GE Healthcare, which is ramping up ventilator production, is using 3-D printing both to make parts directly and to make molds for injection molding.  However, the chief engineer for advanced manufacturing at Healthcare says that some of the 3D-printing companies he has been talking to are shut down due to government edicts that deemed their work nonessential.

It sounds like they will get around this barrier…“We have a map of all the companies that have excess capacity, and so we’ll divert whatever print work we need to whatever company has got the ability right now, on top of the equipment we have at GE”…but I expect that there is going to be a lot of this sort of thing. There is no way that local or state officials can understand the supply chain dependencies that exist between a seemingly-minor local business and a major national priority somewhere up a level or two (or more) in the product structure. In some cases, all it might take is a letter from the top-tier manufacturer certifying the importance of the work the supplier is doing, but in many cases I suspect that the only rapid solutions will require Federal involvement.

5 thoughts on “Supply Chain Management in a Time of Crisis”

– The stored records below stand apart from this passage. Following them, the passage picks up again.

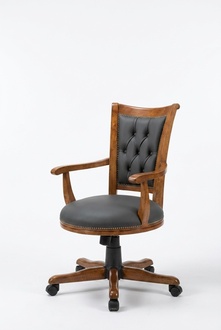 Modern Executive Chair Office Furniture Swivel Chair Wooden Frame Classic Design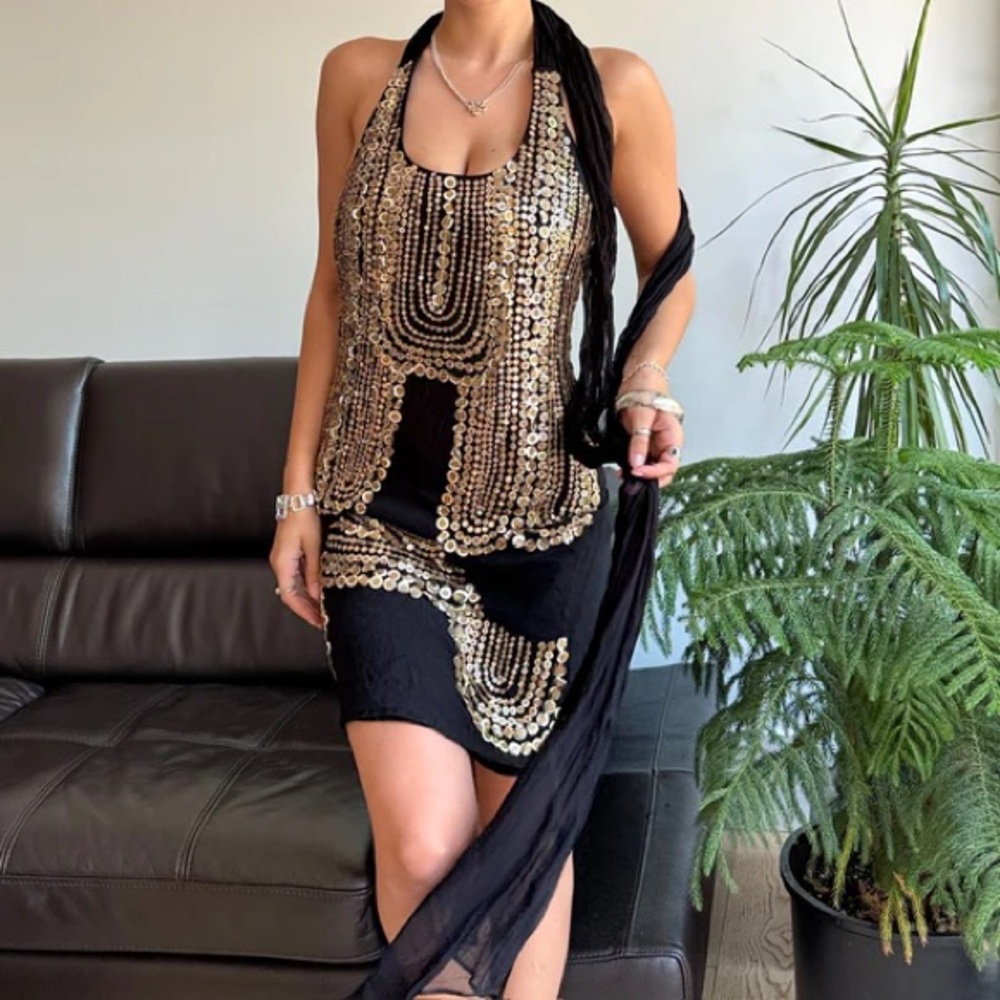 Guess By Marciano Black and Gold Dress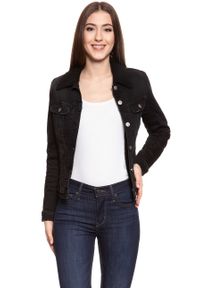 Lee - DAMSKA KURTKA JEANSOWA LEE SHERPA RIDER JACKET BLACK TYRO L54VCPJW 112112963. Materiał: jeans. Wzór: jednolity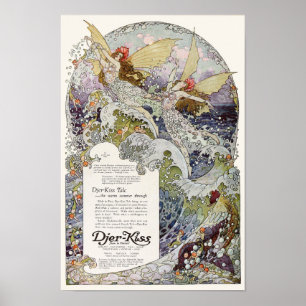 Impressão da Vintage 1920 Ad Djer-Kiss Twin Fairie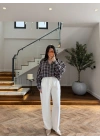 KAHVE DÜĞME DETAY BLUZ -EU5239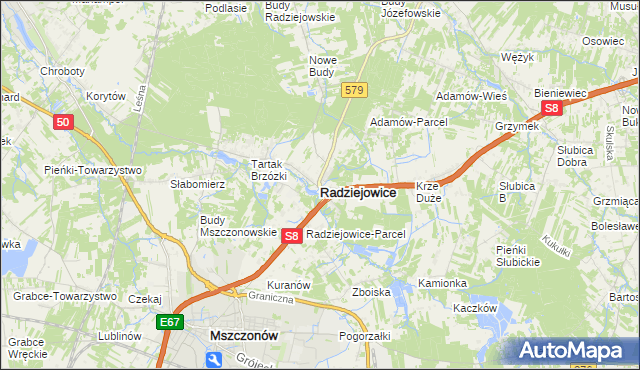 mapa Radziejowice, Radziejowice na mapie Targeo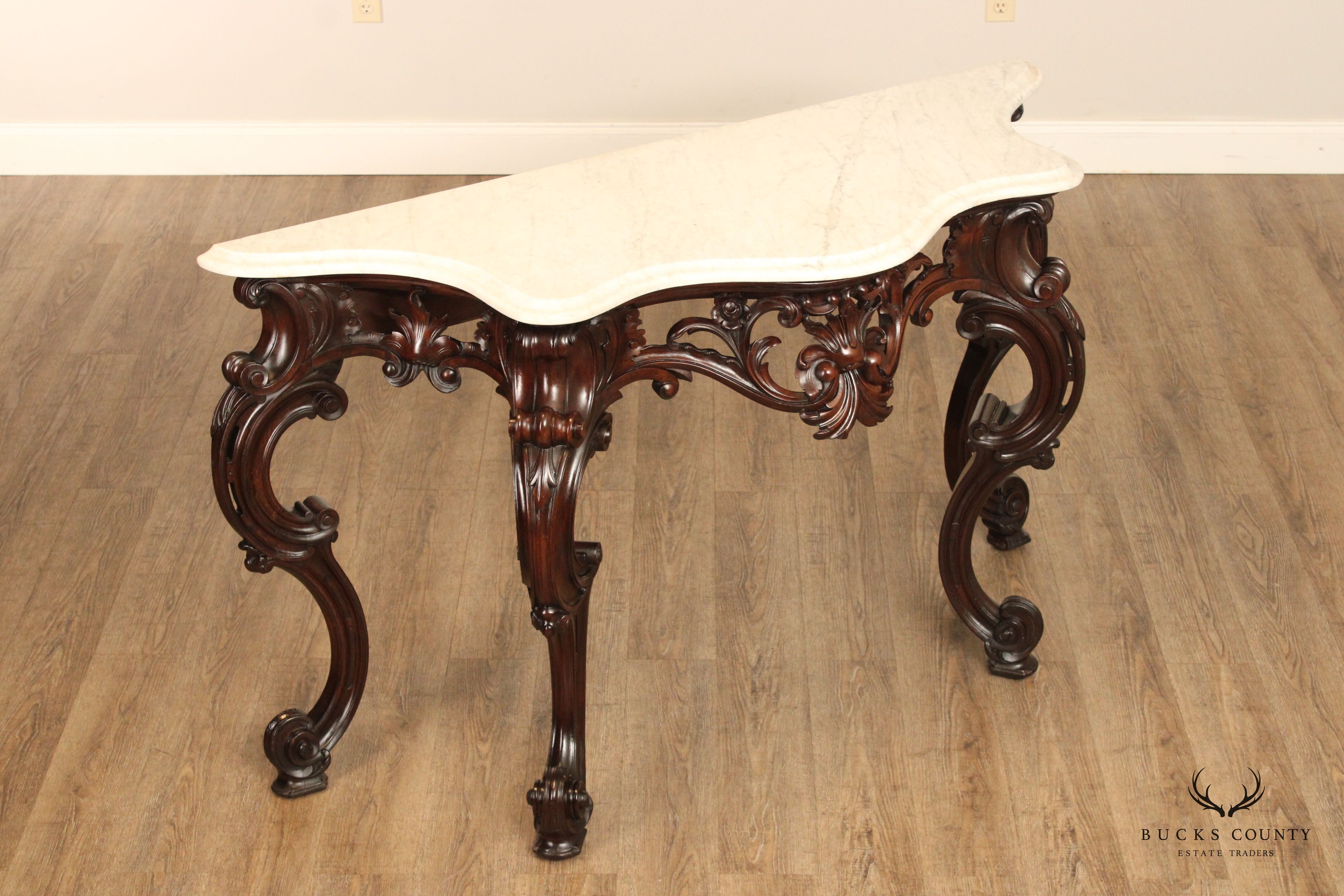 C. Lazarus & Co. Antique Rococo Style Marble Top Console Table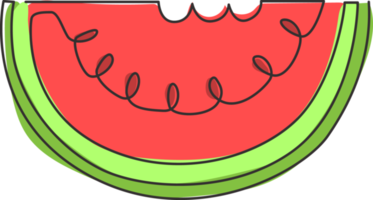 um desenho de linha contínua de melancia orgânica saudável fatiada para a identidade do logotipo do pomar. conceito de fruta fresca para ícone de jardim de frutas. ilustração gráfica de vetor moderno desenho de linha única png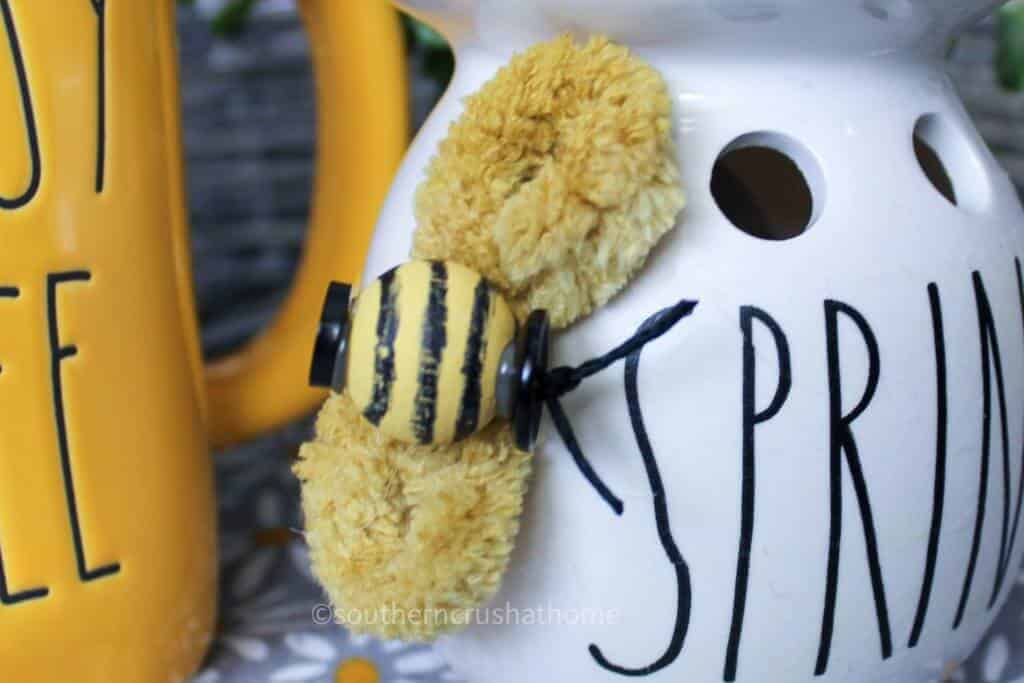 super close up of bumblebee on Rae Dunn inspired bumblebee diy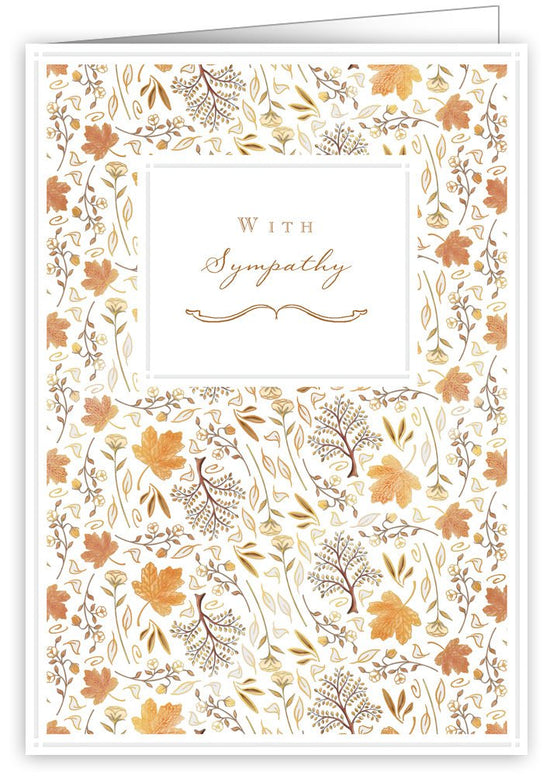 With Sympathy Gold Leaves - Sympathy Card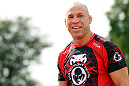 BELO HORIZONTE, BRAZIL - JUNE 20:   Wanderlei Silva works out for the fans and media during the UFC 147 open workouts at Praca da Estacao on June 20, 2012 in Belo Horizonte, Brazil.  (Photo by Josh Hedges/Zuffa LLC/Zuffa LLC via Getty Images)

  1. Talking to a colleague at Ford the bottle neck was testing, which head said is 6 hours for what the components they are making. Additonal prodution capacity will increase the output in the field however there is the staffing issue, which is something else entirely.

  2. That Madison plant is big; their biggest product is anesthesia machines. They’ve got quite a bit of space to ramp up vents.

  3. Will politicians and especially young millennials learn the proper lesson from this crisis? Planned Economies can’t work and never work no matter the good intentions.